The Eggcorn Database has its own forum now. I also made some changes to the posting rules. Oh, and we’ve managed to pass the threshold of 500 eggcorns this month.
Sometimes apparently simple entries can turn out to be more complex than meets the eye. Yesterday, Kaz Vorpal entered the substitution of flounder v. for founder v. This one had been suggested several times and is cited in many collections of usage advice, but I always resisted entering it. I saw it as an example of a confusion about which is which among two “complicated” words. (My rule of thumb for eggcorns: a “difficult” word is replaced with an “easy” one.) So I edited Kaz’ entry accordingly. But Arnold Zwicky didn’t agree, and he had the data to show that some people think of flounder, the fish:
In fact, some people have explained to me that “flounder” is the word to use, because a ship in this sort of distress flops about like a fish — a flounder, in particular — out of water. The association with flounder (the fish) seems to be unetymological: OED2 labels it “of obscure etymology”, suggests various non-fishy sources, and gives as its earliest sense the not particularly fish-related ’stumble’ (attested from 1592). But then the sense extended to ’struggle violently and clumsily, struggle in mire’ and the way was open for comparison to a flopping flounder. (Suspiciously, several of the OED2’s citations actually mention fish.)
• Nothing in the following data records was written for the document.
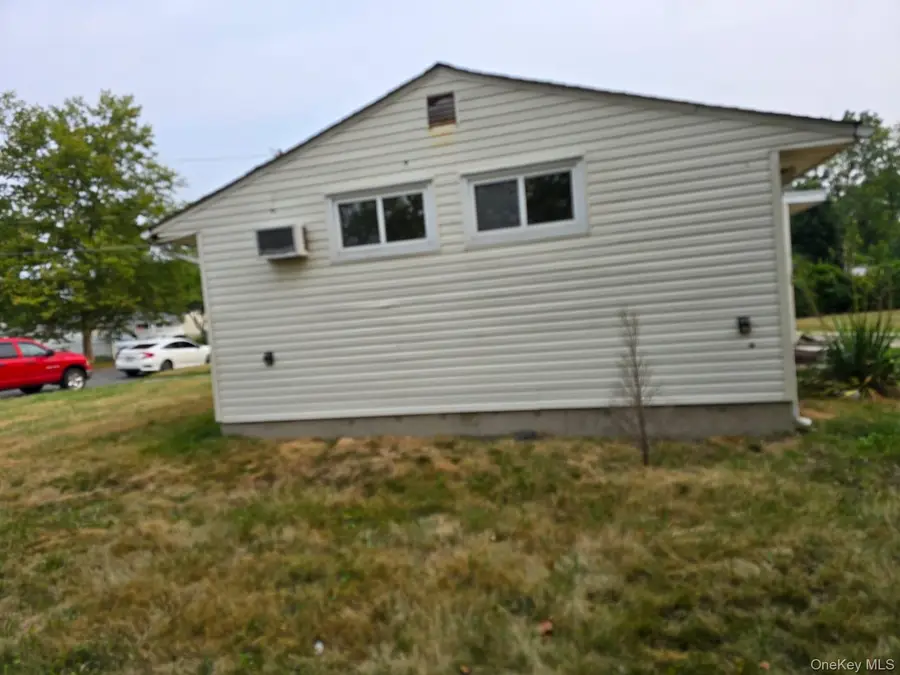 35 Nicoll Avenue, Central Islip, NY 11722 - Image #3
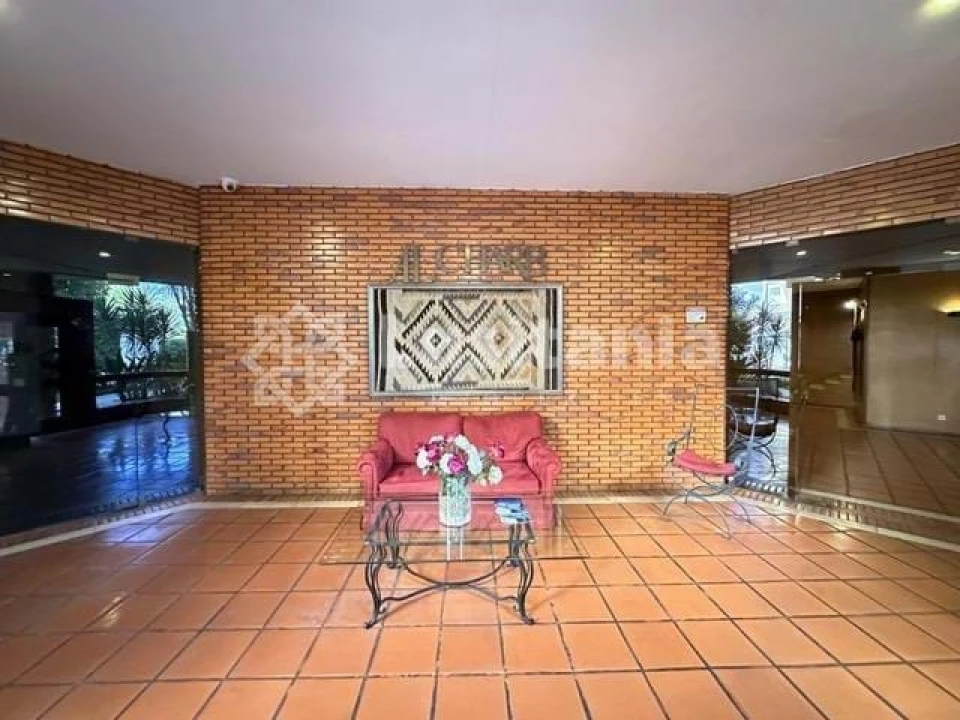 Apartamento T2 para Venda em Quarteira Foto 13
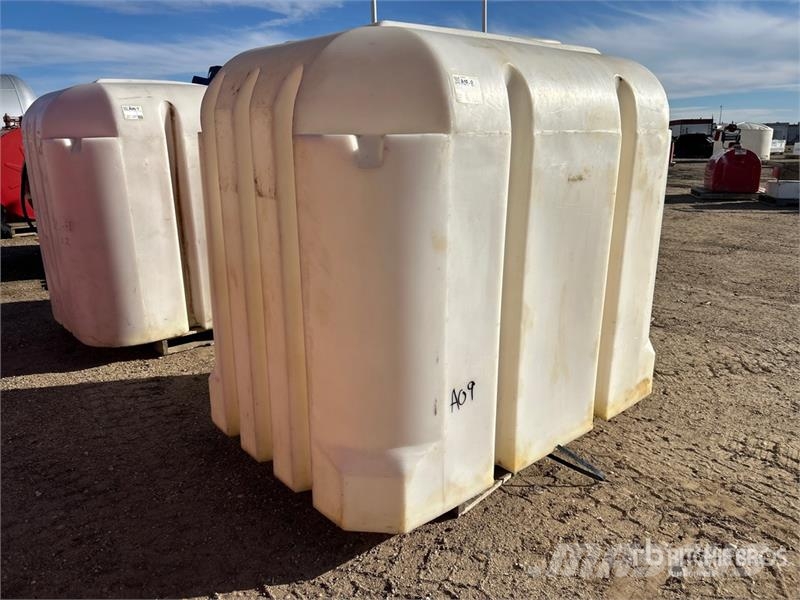 Water Tank Fuel and additive tanks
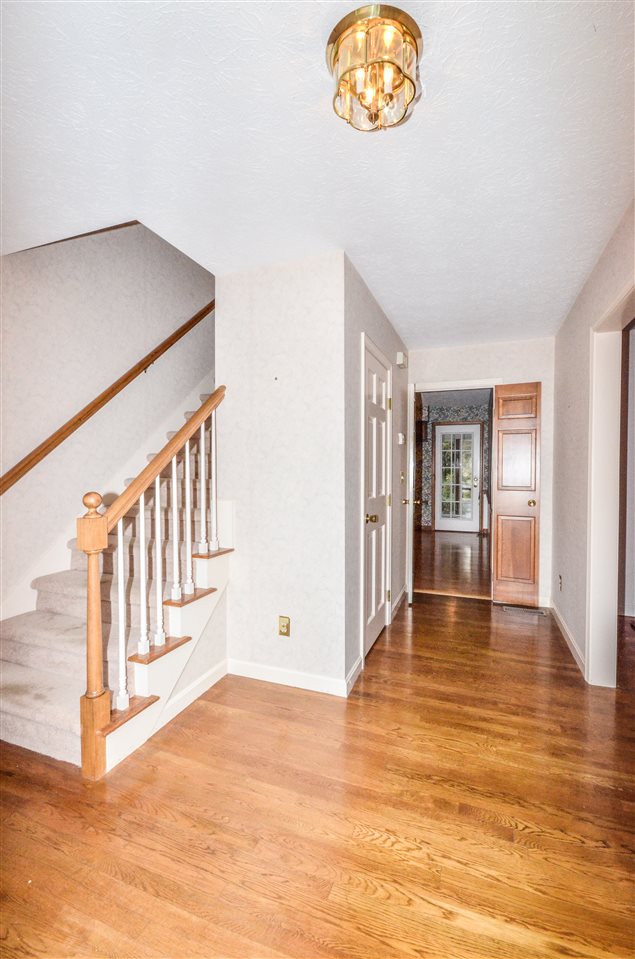 70 Ridge Road Manchester, NH 03104 - Photo 3 of 20
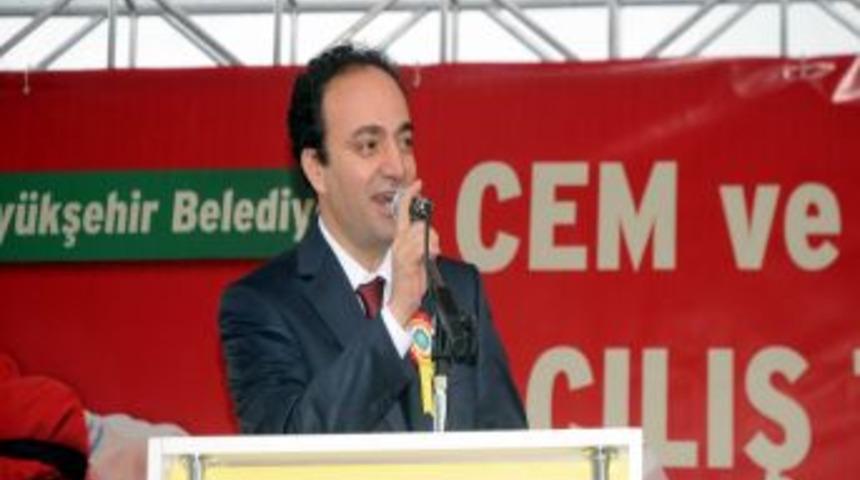 Baydemir&rsquo;in yaptırdığı cemevi hizmete girdi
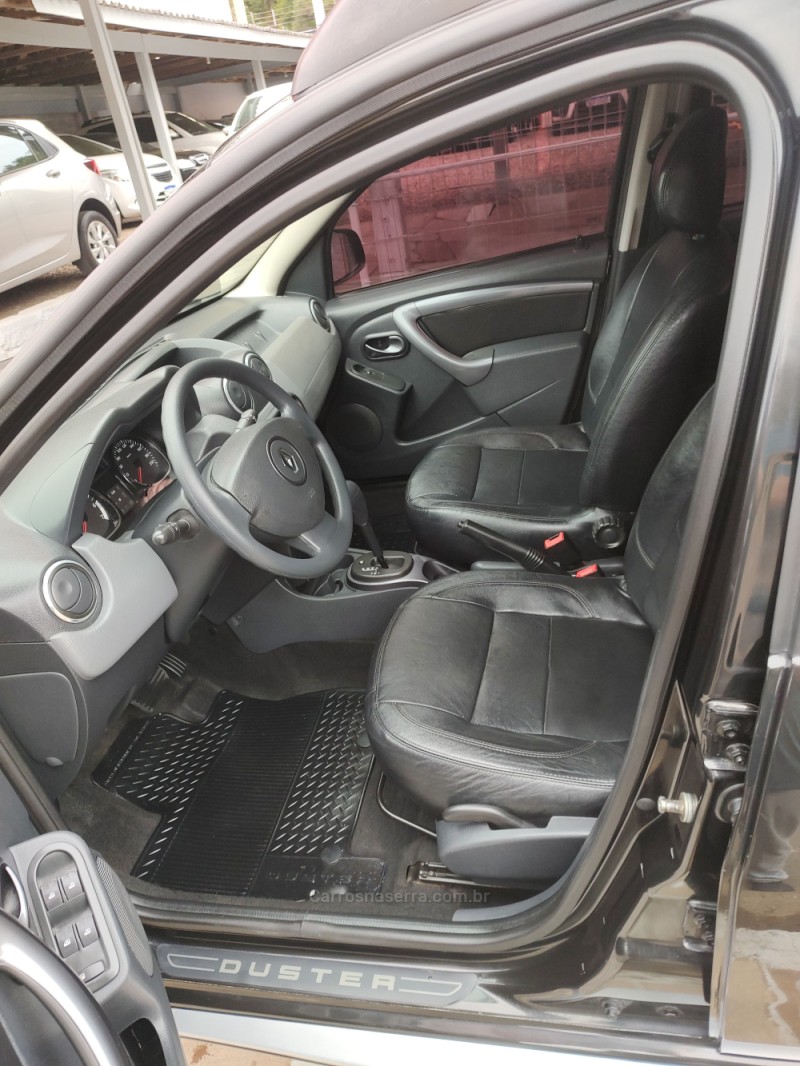 DUSTER 2.0 DYNAMIQUE 4X2 16V FLEX 4P AUTOMÁTICO - 2015 - TRêS COROAS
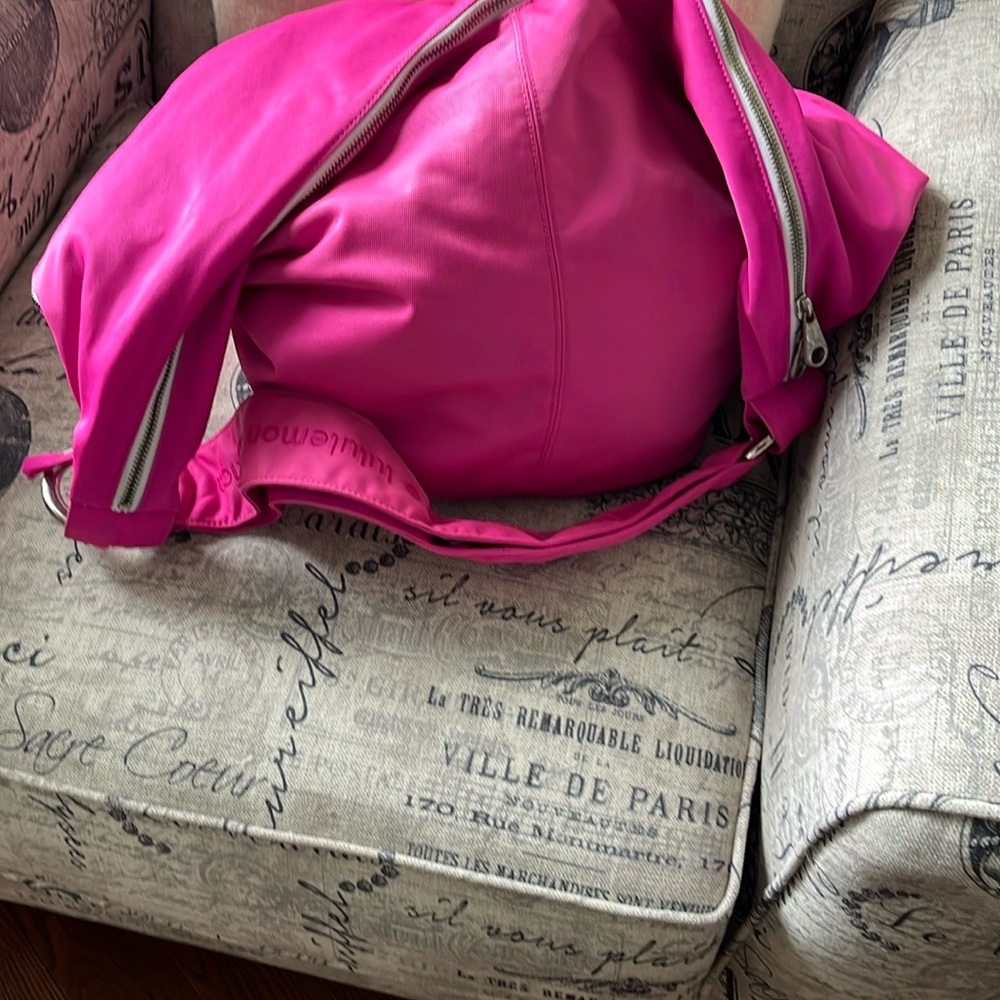 Lululemon large Hot Pink Women's Shoulder Bag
Now wouldn’t that make for a great borrowing into German, where the fish is called Flunder?#[1] Herumflundern (gloss: flounder about/around) has a great sound to it.#[2] And indeed, at least one person has had the idea already:
- Das Problem scheint in der Tatsache zu liegen, dass wir irgendwo mittendrin stecken, und herumflundern wie ein Fisch ausserhalb des Wassers. (link)
[The problem seems to lie in the fact that we are stuck somewhere in the middle of this, and are floundering about like a fish out of water.]
And there seems to be a dialectal German verb, flundern, which I’m not familiar with.
[1]: Much, much better than what the Deutsche Bahn, the German railway company, does with their “InfoPoints” , “Economy Vierer” compartments, “Bahn & Bike” trains and the “BahnCard Teen” (a travel pass for 12 to 17 year olds). [2]: And it’s an occupation I’ve been getting much practice in lately. I’m starting to suspect short-term memory problems, but that’s another topic.